**EXERCISE INSTRUCTIONS**
If a line in the material below has the word "Colorful", copy it.

**DATA RECORDS**

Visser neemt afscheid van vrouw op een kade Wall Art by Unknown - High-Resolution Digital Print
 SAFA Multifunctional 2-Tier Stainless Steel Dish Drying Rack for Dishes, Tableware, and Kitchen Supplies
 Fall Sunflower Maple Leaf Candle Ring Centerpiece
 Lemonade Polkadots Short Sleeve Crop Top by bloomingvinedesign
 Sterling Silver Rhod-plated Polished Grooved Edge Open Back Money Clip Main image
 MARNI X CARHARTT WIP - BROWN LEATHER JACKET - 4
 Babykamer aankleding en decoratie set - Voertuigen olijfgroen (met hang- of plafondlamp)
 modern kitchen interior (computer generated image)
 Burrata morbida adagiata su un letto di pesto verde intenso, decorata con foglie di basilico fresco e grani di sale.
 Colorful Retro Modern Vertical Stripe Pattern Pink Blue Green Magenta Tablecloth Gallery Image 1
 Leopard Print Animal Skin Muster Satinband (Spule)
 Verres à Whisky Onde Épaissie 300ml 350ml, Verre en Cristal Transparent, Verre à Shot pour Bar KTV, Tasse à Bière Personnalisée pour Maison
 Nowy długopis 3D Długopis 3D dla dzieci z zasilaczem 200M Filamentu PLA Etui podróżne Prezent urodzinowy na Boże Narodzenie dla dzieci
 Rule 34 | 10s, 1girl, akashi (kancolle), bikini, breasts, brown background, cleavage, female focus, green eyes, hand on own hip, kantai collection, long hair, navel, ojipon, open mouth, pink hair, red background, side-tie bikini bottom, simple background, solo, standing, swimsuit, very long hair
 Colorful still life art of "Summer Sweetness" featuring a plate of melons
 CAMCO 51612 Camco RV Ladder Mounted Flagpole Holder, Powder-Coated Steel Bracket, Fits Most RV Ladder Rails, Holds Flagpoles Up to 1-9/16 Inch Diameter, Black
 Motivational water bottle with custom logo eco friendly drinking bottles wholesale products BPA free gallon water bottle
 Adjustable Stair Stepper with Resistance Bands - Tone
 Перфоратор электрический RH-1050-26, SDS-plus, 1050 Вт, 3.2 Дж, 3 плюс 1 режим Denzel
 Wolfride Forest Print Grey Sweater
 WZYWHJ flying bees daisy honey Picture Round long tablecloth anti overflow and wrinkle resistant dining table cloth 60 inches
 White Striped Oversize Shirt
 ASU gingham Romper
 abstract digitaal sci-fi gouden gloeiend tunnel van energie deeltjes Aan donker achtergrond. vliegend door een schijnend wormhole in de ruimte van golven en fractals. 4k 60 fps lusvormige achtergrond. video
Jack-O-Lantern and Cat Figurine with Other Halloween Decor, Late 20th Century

**EXERCISE ANSWER**
 Colorful Retro Modern Vertical Stripe Pattern Pink Blue Green Magenta Tablecloth Gallery Image 1
 Colorful still life art of "Summer Sweetness" featuring a plate of melons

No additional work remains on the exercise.